| PROBLEM DESCRIPTION |
Your reply should be the records below, duplicated exactly, with any picture removed.

_ _ _ _ _

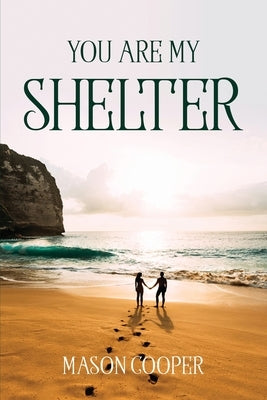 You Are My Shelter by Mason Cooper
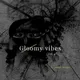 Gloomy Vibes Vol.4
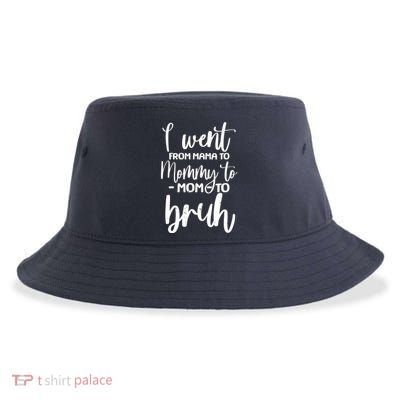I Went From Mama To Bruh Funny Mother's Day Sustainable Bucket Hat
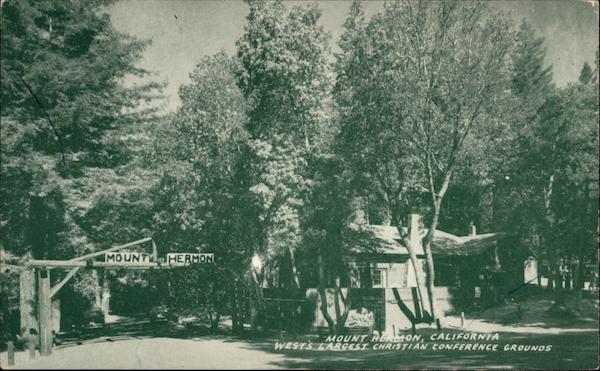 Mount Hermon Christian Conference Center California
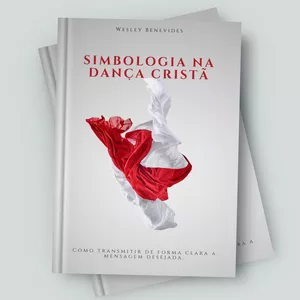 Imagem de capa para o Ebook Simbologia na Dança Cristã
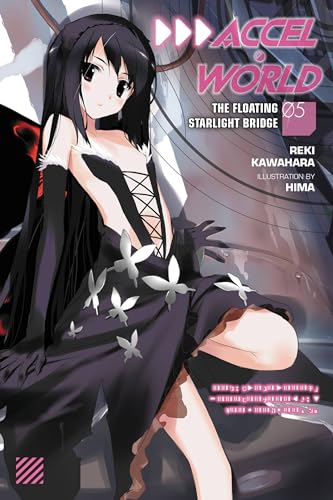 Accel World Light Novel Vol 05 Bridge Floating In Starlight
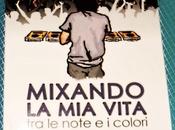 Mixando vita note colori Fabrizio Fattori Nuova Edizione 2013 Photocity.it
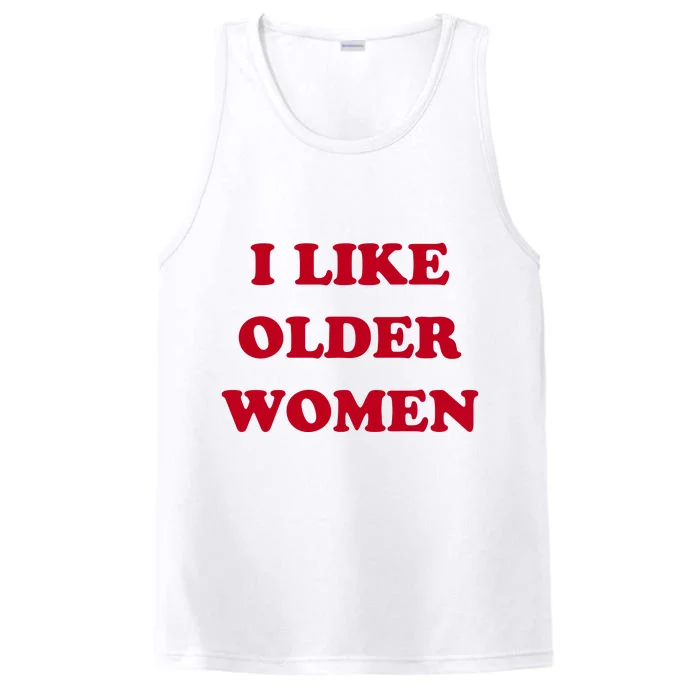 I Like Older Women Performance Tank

_ _ _ _ _

| COMPLETED TASK |
 You Are My Shelter by Mason Cooper
 Gloomy Vibes Vol.4
I Went From Mama To Bruh Funny Mother's Day Sustainable Bucket Hat
 Mount Hermon Christian Conference Center California
 Imagem de capa para o Ebook Simbologia na Dança Cristã
 Accel World Light Novel Vol 05 Bridge Floating In Starlight
 Mixando vita note colori Fabrizio Fattori Nuova Edizione 2013 Photocity.it
 I Like Older Women Performance Tank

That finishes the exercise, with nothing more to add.